Widiyastuti (2007) dalam skripsinya
yang berjudul Analisis Perhitungan Harga
Pokok Produksi Tas Wanita (Studi Kasus
UMKM Lifera Hand Bag Collection),
menyimpulkan bahwa perhitungan harga
pokok produksi yang dilakukan perusahaan
masih sangat sederhana dan tidak sesuai
dengan teori. Biaya overhead pabrik tidak
dialokasikan ke masing-masing produk secara
rinci dan tidak disesuaikan dengan pemakaian
biaya secara nyata, melainkan hanya
merupakan suatu estimasi biaya yang
dianggarkan dalam kelompok biaya lain-lain.
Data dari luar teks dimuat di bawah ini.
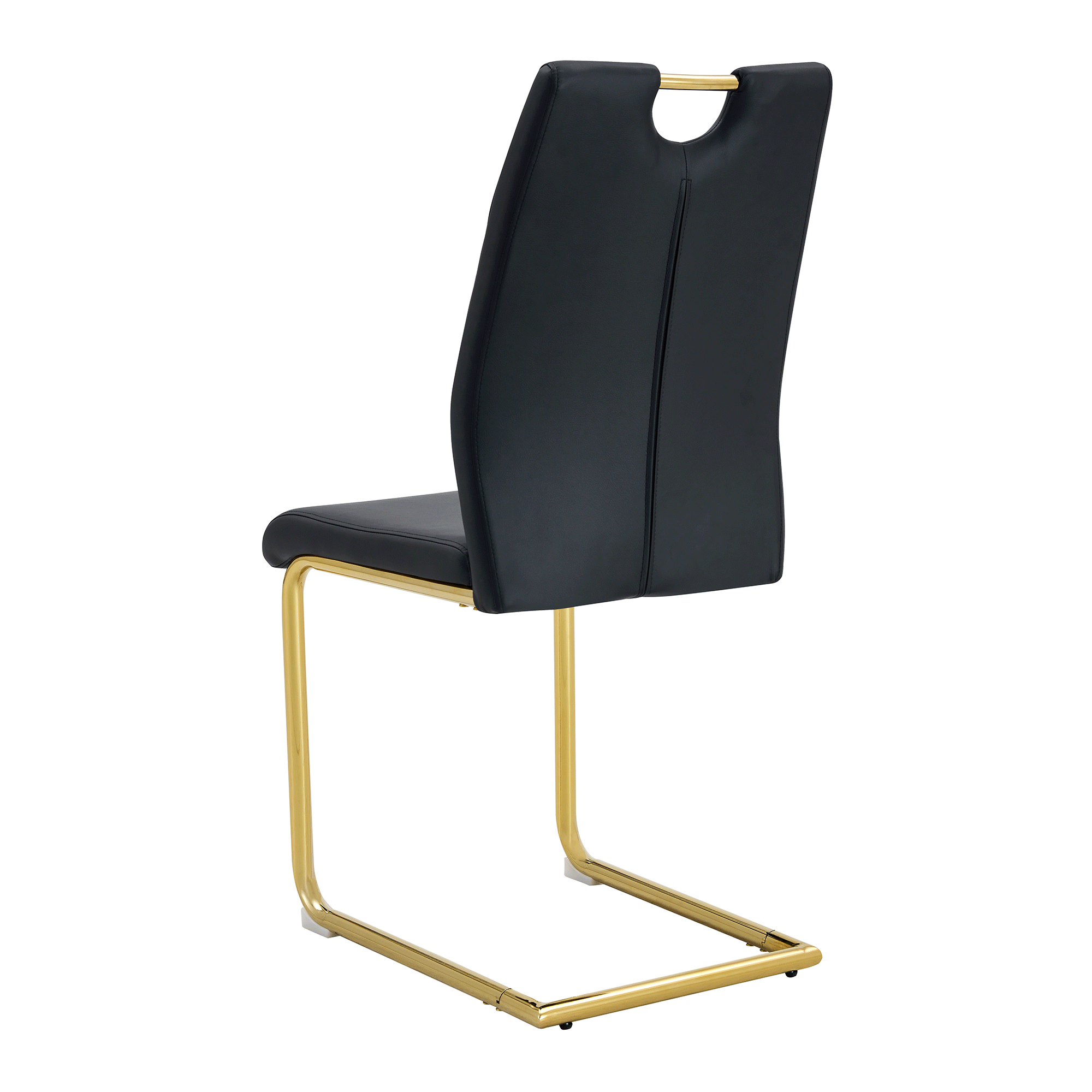 Modern Black PU Dining Chairs Set of 6 - Elegant Gold Metal Legs, Waterproof & Durable for Kitchen, Restaurant, Office - Perfect for Dining Room, Conference Room & Home Decor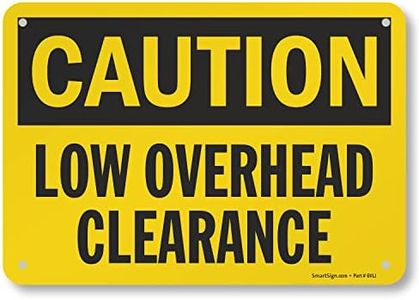 SmartSign - U9-1322-NA_7x10 "Caution - Low Overhead Clearance" Sign | 7" x 10" Aluminum Black on Yellow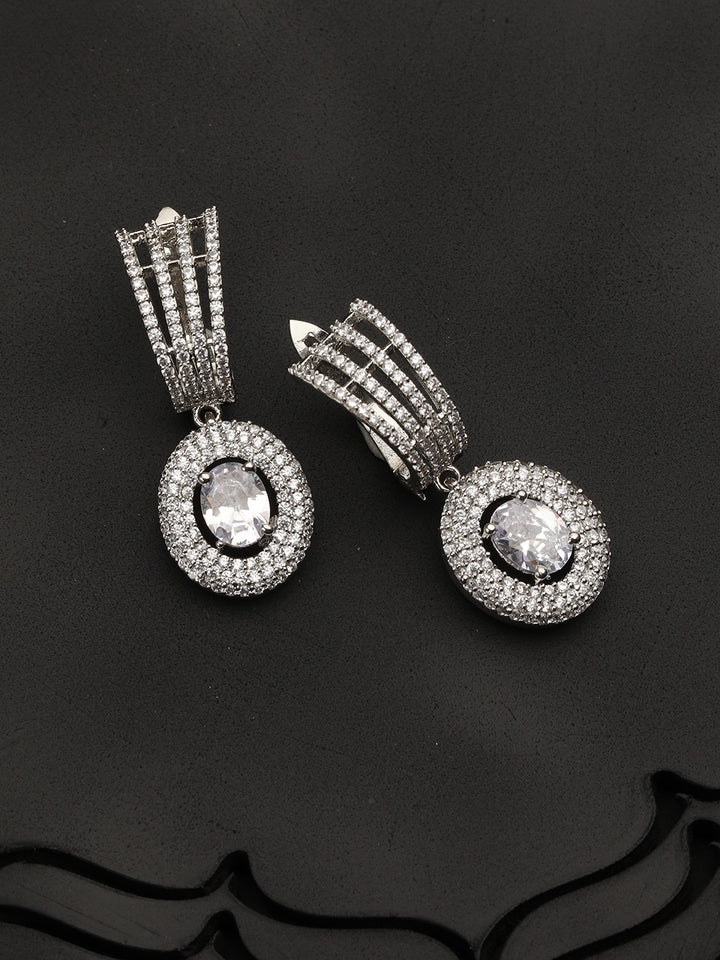 Halo Drop American Diamond Silver-Plated Earrings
Selanjutnya dilakukan perhitungan harga
pokok produksi dengan metode Activity Based
Costing (ABC) dan menghasilkan harga
pokok produksi yang lebih besar daripada
metode perhitungan yang digunakan
perusahaan. Hal ini disebabkan oleh
banyaknya penggunaan sumberdaya yang
dilakukan dalam perhitungan ABC
dibandingkan dengan jika menggunakan
metode perusahaan karena dalam metode
ABC setiap aktivitas yang berhubungan
dengan proses produksi dimasukkan dalam
perhitungan. Margin dari hasil penetapan
harga jual yang diperoleh perusahaan
berdasarkan metode perusahaan lebih besar
daripada dengan metode ABC. Walaupun
dengan metode ABC margin yang diperoleh
lebih rendah daripada margin dengan metode
perusahaan, namun dengan metode ABC
semua biaya produksi yang diperlukan dalam
proses produksi sudah diperhitungkan sesuai
dengan pemakaian biaya yang sebenarnya
sehingga menghasilkan harga pokok produksi
yang lebih akurat.
Indah Fitri (2012) meneliti tentang
penerapan metode Full Costing dalam
menetapkan harga produksi pada peternakan
ayam UD. Family Poultry Shop di Kabupaten
Blitar. Hasil penelitian menyebutkan bahwa
perhitungan harga pokok produksi perusahaan
tidak memasukkan semua komponen biaya
produksi, sehingga laba yang diterima
perusahaan setiap periode belum
menunjukkan keadaan yang sebenarnya.
Peneliti menghitung kembali harga pokok
produksi menggunakan metode Full Costing
dan ditemukan perbedaan yang signifikan
antara perhitungan yang dilakukan
perusahaan dibandingkan dengan perhitungan
menggunakan Full Costing. Harga pokok
produksi yang selama ini dibebankan oleh
perusahaan ternyata lebih rendah daripada
perhitungan harga pokok produksi
menggunakan metode Full Costing. Analisis
perhitungan harga jual juga dilakukan dengan
menggunakan metode return on asset dan
margin laba 15%. Hasilnya mengungkapkan
bahwa harga jual yang selama ini diterapkan
perusahaan lebih rendah dari dari harga jual
yang menggunakan metode return on asset.
LANDASAN TEORI
UMKM
Usaha Mikro Kecil dan Menengah
(UMKM) saat ini merupakan usaha yang
masih dapat bertahan di tengah badai krisis
moneter yang berkepanjangan. UMKM
berperan strategis dalam pembangunan
perekonomian nasional dan mengalami
perkembangan tiap tahun yang cukup pesat.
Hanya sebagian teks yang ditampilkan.